Alexander C. Kaufman is a writer and senior reporter at HuffPost, where he covers energy, climate change, and environmental policy.

He’s chased stories around the world, from the Brazilian Amazon to Greenland’s ice sheet, China’s first atom-smashing lab to the Netherlands’ only nuclear reactor. His reporting explores the nuances of the energy transition, at times challenging prevailing narratives on climate solutions and spotlighting the price people in places like Mississippi and Puerto Rico pay for policies written in faraway capitals.

A frequent commentator on public-affairs radio, Kaufman has been a monthly guest on BBC World Service’s “Business Matters” for nearly a decade. He’s appeared on stage at conferences such as WebSummit and SXSW and over airwaves on MSNBC, NPR, and international broadcasters in Australia, Belgium, and Pakistan.
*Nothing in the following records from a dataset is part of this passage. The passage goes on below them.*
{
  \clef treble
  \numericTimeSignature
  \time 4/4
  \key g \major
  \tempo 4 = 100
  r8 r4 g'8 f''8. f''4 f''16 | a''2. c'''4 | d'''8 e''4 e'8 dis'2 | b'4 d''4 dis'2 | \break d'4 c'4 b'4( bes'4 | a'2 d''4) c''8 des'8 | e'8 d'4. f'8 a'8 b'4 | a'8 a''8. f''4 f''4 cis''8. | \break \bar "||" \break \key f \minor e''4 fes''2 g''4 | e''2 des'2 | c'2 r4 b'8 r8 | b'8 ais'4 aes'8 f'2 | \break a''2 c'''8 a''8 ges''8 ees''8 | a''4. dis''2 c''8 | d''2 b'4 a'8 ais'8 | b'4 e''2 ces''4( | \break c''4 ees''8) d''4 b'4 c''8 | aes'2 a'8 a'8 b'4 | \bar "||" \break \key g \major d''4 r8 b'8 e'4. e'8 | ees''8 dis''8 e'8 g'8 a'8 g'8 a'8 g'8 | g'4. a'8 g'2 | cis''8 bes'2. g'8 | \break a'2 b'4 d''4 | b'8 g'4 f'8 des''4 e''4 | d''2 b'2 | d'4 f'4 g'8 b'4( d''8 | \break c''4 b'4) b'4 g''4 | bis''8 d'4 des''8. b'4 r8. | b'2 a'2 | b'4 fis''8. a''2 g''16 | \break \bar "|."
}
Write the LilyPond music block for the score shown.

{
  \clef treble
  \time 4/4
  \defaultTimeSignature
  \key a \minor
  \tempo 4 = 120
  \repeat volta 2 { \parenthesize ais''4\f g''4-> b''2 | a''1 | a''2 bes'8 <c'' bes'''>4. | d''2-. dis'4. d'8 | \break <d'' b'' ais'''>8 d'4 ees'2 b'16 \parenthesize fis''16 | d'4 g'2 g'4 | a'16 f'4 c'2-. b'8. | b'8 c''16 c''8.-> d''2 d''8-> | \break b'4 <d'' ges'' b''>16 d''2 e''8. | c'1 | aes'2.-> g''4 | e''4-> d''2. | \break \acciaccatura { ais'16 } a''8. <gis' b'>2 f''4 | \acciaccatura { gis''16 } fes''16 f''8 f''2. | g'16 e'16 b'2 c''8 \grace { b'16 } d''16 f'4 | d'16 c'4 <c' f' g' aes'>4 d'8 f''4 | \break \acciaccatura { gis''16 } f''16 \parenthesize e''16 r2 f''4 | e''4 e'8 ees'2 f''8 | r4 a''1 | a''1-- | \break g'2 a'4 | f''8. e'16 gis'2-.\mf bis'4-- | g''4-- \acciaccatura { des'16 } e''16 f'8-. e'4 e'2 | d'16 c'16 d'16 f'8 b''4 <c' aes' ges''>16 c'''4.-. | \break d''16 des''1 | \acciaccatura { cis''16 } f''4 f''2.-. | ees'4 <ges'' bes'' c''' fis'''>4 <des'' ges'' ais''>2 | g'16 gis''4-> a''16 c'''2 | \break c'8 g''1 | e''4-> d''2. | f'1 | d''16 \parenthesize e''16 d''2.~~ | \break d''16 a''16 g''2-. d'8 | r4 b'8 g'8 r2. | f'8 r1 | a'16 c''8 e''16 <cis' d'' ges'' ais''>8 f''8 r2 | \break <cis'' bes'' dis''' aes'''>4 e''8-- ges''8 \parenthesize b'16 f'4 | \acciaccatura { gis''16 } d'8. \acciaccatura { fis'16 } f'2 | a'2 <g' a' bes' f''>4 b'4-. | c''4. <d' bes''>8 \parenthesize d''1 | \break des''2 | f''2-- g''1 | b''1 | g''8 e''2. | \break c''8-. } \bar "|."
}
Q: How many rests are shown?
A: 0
The Society of Environmental Journalists and the Writer's Guild of America, East, where he’s helped organize shops and bargain a contract, count him as a member.

His 2021 children’s nonfiction book Earth’s Aquarium, an exploration of 15 aquatic ecosystems and the threats they face, was published in the U.S. by Abrams Books and translated into four languages.
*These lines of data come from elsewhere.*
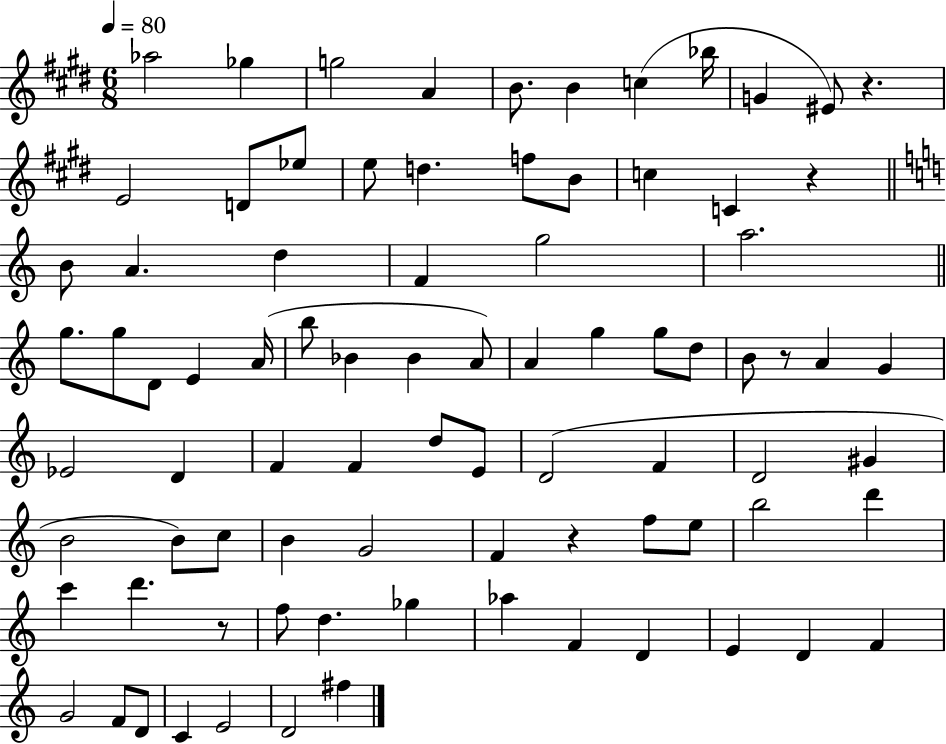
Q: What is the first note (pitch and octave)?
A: Ab5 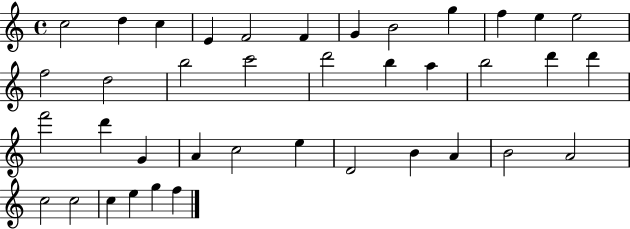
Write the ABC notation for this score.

X:1
T:Untitled
M:4/4
L:1/4
K:C
c2 d c E F2 F G B2 g f e e2 f2 d2 b2 c'2 d'2 b a b2 d' d' f'2 d' G A c2 e D2 B A B2 A2 c2 c2 c e g f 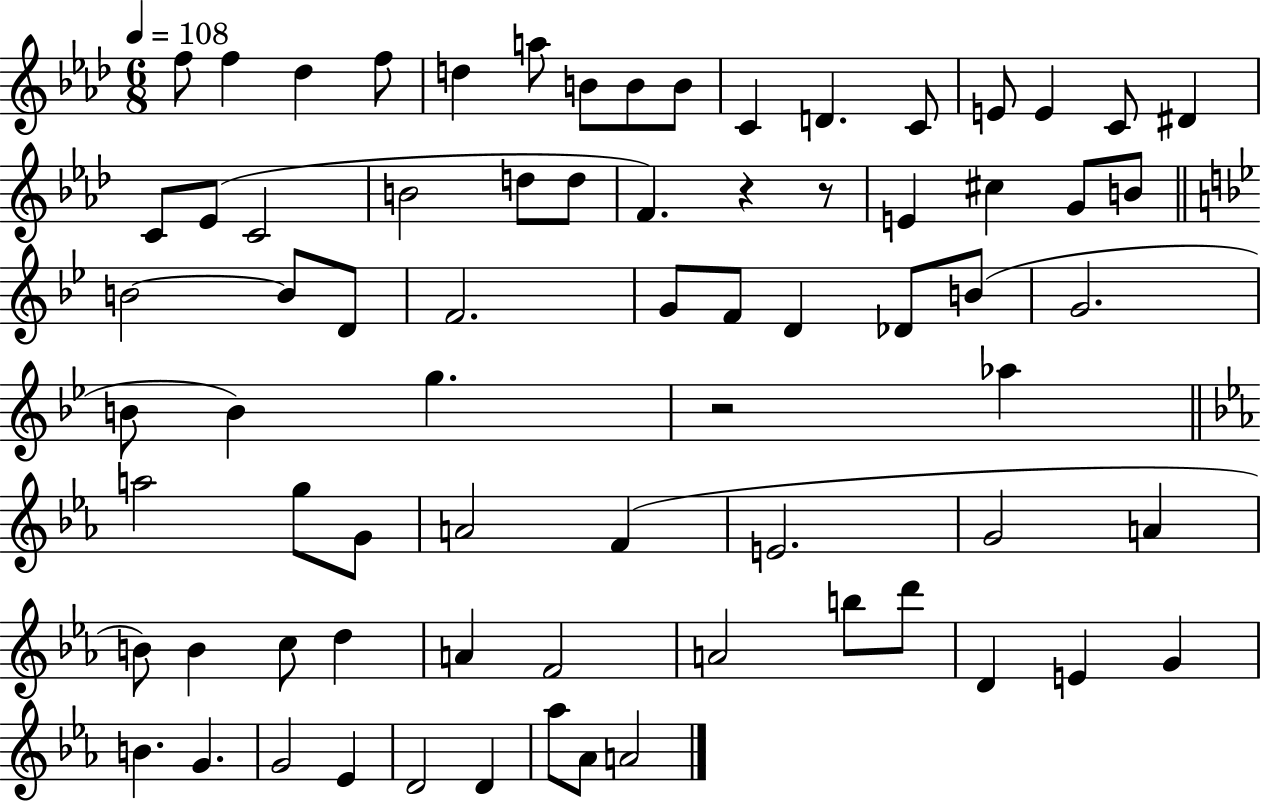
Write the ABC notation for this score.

X:1
T:Untitled
M:6/8
L:1/4
K:Ab
f/2 f _d f/2 d a/2 B/2 B/2 B/2 C D C/2 E/2 E C/2 ^D C/2 _E/2 C2 B2 d/2 d/2 F z z/2 E ^c G/2 B/2 B2 B/2 D/2 F2 G/2 F/2 D _D/2 B/2 G2 B/2 B g z2 _a a2 g/2 G/2 A2 F E2 G2 A B/2 B c/2 d A F2 A2 b/2 d'/2 D E G B G G2 _E D2 D _a/2 _A/2 A2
Kaufman got his start in journalism at 15, writing for The Long-Islander, a nearly 200-year-old weekly Walt Whitman founded. He went on to work for The Boston Globe, The Wrap, FishbowlNY, and the International Business Times before joining HuffPost as a business editor in 2014. He’s freelanced for City & State, OneZero (RIP), and Pacific Standard, and his work has been syndicated by Yahoo, Wired, Mother Jones, Slate, Grist and Canada’s National Observer. He has advised and served on the boards of various nonprofit newsrooms and previously worked waiting tables, serving coffee, manning cash registers, and stocking retail shelves.

A fourth-generation New Yorker raised on Long Island, he lives with his wife and their cat in what’s colloquially known as South Brooklyn but technically considered Southern Brooklyn.